Undeveloped conscience and real sin
THE Feast of the Resurrection, called Easter, is the most important feast on the Roman Catholic liturgical calendar while Christmas comes second. African-born Pope Victor 1, who ruled as supreme pontiff from 185 to 195 AD, decreed that Easter was to be celebrated according to the culture of the Romans. At the time the Romans were pagans and had a goddess of spring, called Eostre. She was worshipped at the first full moon after March 21.
To celebrate the Resurrection of Jesus Christ like spring that brings new life, Pope Victor 1 placed the Feast of the Resurrection (Easter Sunday) as the first Sunday after the first full moon after March 21, the first day of spring. Ash Wednesday, which is the first day of Lent, is roughly 40 days before Holy Thursday, the day before Good Friday. Holy Thursday, which is being celebrated today, is the day when Jesus turned bread and wine into His body and blood and the day when he washed his disciples’ feet.
Lent this year culminates as Pope Benedict XVI announces that the Roman Catholic Bishop of Montego Bay Charles Dufour is to be installed as the Roman Catholic Archbishop of Kingston on June 16, succeeding Archbishop Donald Reece. While the Roman Catholic Church is only three per cent of Jamaica’s population, happenings in the church in general are no longer front-page news. Understandably, Queen Elizabeth II of England who turns 85 today is no longer local news as her relevance to Independent Jamaica has diminished.
But when the happenings in religious groups are no longer considered news, it is a sign that virtue is no longer considered important and that sin is on the rise. Adolescent crime can be linked to undeveloped consciences as few adults bother to mentor the young. This has long been a problem in Jamaica as even the Kendal Crash of 1957 has been linked to children of absent parents. The crash took place because, instead of disconnecting the lights to rob, rape and plunder, which had happened before on the trains, the brake cable was mistakenly disconnected.
Today we have the problems of corruption, dishonesty, sexual promiscuity, lewd music and pornography, to name a few. The stress that the police undergo has led to the murder of family members before committing suicide. This shows that the volume of crime in Jamaica is more than dangerously high.
Advent before Christmas, and Lent before Easter are times for deep reflection and repentance. Both Advent and Lent are times when we should reflect on our own sins as we remember Jesus Christ who came into the world (Christmas) and died for our sins (Good Friday).
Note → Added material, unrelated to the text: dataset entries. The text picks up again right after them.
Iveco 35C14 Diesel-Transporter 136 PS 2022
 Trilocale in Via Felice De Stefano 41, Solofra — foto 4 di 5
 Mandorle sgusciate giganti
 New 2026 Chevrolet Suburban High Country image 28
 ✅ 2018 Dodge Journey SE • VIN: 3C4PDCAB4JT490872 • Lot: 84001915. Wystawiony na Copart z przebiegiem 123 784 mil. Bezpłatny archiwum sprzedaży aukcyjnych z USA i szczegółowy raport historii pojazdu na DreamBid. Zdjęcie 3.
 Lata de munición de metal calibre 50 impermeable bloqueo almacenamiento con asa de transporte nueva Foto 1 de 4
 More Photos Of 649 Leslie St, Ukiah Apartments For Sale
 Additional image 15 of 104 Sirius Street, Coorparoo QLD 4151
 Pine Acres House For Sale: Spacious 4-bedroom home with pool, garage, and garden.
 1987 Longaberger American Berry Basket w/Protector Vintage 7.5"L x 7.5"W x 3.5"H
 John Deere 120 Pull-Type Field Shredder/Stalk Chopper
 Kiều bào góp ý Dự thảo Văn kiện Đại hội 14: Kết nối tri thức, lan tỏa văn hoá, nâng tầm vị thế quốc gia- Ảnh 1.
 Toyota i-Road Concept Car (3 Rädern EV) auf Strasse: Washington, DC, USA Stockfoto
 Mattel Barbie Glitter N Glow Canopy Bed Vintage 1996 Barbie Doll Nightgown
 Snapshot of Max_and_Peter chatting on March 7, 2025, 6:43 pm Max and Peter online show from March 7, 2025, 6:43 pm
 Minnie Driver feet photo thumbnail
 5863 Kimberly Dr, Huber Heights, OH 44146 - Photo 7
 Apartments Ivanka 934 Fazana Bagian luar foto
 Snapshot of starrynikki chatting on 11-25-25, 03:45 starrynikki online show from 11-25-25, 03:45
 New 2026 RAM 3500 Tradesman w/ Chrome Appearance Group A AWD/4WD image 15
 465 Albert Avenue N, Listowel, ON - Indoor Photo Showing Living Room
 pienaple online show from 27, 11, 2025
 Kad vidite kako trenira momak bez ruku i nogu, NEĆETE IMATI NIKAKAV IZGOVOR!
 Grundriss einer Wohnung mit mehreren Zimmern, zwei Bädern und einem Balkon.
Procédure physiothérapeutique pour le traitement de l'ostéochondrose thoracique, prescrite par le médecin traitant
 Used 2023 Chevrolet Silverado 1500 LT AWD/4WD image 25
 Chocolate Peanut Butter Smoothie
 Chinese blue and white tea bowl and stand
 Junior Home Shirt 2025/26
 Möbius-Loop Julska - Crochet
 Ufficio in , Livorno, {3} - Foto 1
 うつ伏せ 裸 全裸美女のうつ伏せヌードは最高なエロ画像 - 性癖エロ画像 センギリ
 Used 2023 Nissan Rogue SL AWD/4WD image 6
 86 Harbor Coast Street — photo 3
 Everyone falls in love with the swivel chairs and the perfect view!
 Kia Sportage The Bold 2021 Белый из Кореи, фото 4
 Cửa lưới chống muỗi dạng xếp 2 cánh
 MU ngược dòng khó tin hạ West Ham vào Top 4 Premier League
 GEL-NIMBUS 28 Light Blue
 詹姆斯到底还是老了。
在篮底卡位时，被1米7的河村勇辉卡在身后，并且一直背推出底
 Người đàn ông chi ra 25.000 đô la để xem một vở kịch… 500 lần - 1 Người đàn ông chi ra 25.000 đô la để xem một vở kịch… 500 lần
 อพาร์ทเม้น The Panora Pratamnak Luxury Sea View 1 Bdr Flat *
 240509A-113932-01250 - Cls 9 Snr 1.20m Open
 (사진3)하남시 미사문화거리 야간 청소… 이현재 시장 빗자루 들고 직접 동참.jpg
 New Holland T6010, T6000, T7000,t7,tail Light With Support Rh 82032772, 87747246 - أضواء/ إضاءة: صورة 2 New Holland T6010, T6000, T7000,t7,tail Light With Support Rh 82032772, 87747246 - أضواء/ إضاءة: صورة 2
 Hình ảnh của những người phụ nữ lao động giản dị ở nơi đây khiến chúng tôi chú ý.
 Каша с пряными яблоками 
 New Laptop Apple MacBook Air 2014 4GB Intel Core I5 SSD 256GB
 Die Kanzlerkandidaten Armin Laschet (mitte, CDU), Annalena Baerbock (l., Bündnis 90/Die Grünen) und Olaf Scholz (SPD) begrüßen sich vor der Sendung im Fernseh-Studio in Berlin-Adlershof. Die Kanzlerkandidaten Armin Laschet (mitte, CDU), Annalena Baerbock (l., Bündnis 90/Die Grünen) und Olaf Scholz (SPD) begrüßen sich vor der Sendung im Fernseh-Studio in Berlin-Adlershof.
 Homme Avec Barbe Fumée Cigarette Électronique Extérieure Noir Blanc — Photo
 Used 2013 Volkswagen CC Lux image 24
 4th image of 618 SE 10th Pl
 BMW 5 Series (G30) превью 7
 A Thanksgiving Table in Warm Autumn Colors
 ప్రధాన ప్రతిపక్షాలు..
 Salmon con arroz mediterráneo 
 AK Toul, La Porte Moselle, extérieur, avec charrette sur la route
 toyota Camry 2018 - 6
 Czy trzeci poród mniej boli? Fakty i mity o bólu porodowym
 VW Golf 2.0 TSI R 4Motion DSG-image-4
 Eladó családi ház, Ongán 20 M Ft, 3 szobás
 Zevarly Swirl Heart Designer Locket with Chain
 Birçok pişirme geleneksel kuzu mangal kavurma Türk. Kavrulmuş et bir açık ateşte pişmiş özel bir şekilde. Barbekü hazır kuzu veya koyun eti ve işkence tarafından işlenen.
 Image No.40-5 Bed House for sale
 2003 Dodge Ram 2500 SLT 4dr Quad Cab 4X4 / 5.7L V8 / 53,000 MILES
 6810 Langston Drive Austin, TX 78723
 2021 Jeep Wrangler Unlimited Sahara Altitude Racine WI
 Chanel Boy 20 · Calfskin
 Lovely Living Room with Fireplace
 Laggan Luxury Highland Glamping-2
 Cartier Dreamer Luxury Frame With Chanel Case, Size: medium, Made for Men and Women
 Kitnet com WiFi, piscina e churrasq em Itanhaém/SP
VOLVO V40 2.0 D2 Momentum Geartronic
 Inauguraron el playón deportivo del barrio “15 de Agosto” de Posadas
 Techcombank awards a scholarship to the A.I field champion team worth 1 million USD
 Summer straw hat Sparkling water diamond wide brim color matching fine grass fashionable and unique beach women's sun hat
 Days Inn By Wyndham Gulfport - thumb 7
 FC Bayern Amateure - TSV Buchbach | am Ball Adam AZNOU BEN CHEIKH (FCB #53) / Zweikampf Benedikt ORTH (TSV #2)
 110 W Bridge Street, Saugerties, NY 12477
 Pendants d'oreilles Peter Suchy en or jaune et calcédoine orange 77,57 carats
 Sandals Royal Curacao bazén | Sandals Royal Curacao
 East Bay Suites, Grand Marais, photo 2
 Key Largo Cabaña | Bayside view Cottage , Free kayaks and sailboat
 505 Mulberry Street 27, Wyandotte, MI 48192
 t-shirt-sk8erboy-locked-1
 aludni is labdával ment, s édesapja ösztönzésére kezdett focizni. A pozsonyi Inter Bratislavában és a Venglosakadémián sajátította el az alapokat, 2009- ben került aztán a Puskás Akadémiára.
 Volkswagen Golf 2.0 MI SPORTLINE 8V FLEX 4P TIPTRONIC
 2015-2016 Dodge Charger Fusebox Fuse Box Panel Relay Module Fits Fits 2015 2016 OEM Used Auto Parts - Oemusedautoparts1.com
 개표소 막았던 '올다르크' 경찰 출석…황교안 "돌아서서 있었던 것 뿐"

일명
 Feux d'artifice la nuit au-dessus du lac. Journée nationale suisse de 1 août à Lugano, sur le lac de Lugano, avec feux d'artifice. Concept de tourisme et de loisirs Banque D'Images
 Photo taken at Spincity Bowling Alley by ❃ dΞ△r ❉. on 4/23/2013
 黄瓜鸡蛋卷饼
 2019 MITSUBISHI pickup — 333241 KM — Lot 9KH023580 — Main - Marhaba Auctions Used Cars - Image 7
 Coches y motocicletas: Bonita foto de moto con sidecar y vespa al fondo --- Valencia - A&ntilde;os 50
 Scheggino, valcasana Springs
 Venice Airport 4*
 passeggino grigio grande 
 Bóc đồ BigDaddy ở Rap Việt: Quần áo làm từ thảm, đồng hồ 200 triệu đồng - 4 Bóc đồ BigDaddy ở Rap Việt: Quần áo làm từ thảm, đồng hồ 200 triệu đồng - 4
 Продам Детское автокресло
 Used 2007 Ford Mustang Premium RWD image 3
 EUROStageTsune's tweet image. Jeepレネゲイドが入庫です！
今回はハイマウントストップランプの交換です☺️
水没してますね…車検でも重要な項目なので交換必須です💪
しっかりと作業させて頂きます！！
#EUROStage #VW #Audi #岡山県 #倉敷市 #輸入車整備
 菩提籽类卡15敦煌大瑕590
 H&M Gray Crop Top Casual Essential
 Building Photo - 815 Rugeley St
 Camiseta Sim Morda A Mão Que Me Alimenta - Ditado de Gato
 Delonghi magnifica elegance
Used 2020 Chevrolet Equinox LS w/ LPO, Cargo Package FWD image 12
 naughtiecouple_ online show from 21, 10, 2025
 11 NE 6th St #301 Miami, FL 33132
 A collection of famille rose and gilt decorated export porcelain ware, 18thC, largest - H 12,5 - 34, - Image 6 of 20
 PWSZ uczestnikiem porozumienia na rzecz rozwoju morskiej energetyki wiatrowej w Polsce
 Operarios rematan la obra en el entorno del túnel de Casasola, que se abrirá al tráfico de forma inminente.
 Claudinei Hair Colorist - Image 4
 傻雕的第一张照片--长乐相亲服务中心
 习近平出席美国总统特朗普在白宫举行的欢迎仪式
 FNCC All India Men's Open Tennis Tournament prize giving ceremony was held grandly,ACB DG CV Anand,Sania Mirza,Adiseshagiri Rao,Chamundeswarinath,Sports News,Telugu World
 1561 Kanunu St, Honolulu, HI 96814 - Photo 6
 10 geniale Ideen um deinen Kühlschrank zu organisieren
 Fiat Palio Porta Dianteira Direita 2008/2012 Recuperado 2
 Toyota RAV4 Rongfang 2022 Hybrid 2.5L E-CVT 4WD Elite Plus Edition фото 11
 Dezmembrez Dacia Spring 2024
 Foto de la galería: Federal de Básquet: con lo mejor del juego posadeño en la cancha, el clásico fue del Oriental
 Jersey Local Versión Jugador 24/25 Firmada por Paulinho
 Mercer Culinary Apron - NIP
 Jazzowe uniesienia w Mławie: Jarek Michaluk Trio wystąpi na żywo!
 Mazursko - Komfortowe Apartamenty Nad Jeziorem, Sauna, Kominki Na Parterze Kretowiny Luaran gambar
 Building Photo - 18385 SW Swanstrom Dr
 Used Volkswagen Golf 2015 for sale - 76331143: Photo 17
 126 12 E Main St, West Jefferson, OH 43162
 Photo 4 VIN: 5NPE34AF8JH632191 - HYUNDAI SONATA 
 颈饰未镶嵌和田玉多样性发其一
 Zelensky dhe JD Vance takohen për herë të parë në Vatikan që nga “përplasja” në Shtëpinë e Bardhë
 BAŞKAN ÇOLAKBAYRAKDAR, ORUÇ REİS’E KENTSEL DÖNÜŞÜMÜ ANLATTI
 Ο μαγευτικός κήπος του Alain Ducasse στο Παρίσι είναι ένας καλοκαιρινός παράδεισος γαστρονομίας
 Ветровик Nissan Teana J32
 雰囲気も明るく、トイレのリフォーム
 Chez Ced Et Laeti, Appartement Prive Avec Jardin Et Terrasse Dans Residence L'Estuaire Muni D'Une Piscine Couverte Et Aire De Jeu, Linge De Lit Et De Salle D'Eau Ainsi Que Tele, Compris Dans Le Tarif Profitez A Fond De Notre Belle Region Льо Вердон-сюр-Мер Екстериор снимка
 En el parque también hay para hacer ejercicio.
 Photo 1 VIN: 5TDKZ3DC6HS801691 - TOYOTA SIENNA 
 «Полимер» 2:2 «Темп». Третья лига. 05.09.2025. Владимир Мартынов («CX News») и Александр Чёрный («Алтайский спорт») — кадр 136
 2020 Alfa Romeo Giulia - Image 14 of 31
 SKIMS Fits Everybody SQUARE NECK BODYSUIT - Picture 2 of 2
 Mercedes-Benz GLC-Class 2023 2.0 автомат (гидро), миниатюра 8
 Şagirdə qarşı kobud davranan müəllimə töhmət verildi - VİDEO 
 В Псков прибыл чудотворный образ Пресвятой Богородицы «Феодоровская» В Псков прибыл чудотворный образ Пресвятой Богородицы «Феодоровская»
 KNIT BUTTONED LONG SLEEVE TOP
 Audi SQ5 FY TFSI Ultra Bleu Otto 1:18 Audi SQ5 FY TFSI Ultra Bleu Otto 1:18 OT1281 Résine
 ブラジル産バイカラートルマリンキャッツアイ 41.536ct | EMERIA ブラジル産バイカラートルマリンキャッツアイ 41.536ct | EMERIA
For example, five minutes before midnight, the last five minutes of August 5, 1962, the lights went out in the National Stadium as planned. The lights were turned on again at the stroke of midnight on August 6, 1962 to herald a new day in Jamaica.
The period of reflection and fasting that Christians do in Lent for 40 days can be likened to the five minutes of darkness in the National Stadium before Independence Day in 1962. In a sense, the five minutes of darkness represented the years of slavery and colonialism. Jesus Christ chose the Passover Feast, a combination of Jewish emancipation and independence or “emancipendence” to institute the Holy Eucharist. Jesus came essentially to give the good news to the poor, to proclaim liberty to captives, to show us the way to salvation and to die for our sins.
But many live with undeveloped consciences and therefore do not know what is sin and what is not. The present debate about Jamaican dialect is a case in point. Yes, it is important to teach the English language because it is either one of, or the most spoken language on earth and therefore important for communication. But the anti-dialect campaigners seem to be convinced that speaking patois is a sin. Indeed, the time that some spend ranting and raving against patois should be spent in stamping out real sin.
God works through culture but some unfortunately look down on themselves despite the teachings of Marcus Garvey and the promotion of the Jamaican language in prose and poetry by Louise Bennett-Coverly. Christians are supposed to empower people, and one way to do this is to teach people that they have nothing to be ashamed of if they speak their local language. In the same way that Jamaica might prepare items for the export market in the way that foreign buyers want it, we need English for that same reason.
But in the same way that we might prepare items differently for the local market, we should also take pride in our Jamaican speech. Professor Carolyn Cooper made a very important point in her column in the Sunday Gleaner recently. The Jamaica Constitution protects our dialect by stating that anyone charged with an offence is entitled to hear of the charges spoken in a language he or she understands. Have a Holy Easter.